Further Reading in the Textbook

As you read Chapter 3, pages 131–139, pay attention to:

  1. Figure 3-1 and the four scalers side by side
    • The textbook shows all four scaling methods visually on a synthetic dataset, including RobustScaler and Normalizer, which this demo did not cover.
  2. RobustScaler
    • Works like StandardScaler but uses the median and quartiles instead of mean and standard deviation. This makes it resistant to outliers, which can distort the mean and inflate the standard deviation.
  3. Normalizer
    • Operates differently from the other three scalers. Instead of adjusting each column, it scales each individual row so that the feature vector for that sample has a length of 1. It is used when the direction of a data point matters more than its magnitude.
  4. The SVC accuracy example (pages 138–139)
    • The textbook shows scaling applied before a Support Vector Machine on the cancer dataset.
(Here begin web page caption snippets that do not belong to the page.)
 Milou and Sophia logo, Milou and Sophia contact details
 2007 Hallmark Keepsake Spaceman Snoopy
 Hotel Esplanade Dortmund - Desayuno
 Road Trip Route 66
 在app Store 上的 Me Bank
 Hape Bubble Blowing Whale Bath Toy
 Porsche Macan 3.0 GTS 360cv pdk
Unscaled accuracy is 0.63. Scaled accuracy is 0.97. This is the same principle demonstrated here with kNN and wine data, applied to a different algorithm and dataset.
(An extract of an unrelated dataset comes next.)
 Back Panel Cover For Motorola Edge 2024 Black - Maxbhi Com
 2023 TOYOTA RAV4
  5. Figure 3-2 and what goes wrong when the rule is broken
    • The textbook includes a visualization showing how scaling training and test sets separately distorts the spatial relationship between the two sets. This is worth studying carefully as a concrete illustration of why the fit-on-training rule matters.

The demo gave you the practical workflow and the clearest illustration of why scaling matters. The textbook provides the full picture: additional scalers, a deeper discussion of the fit-on-training rule, and the complete preprocessing section.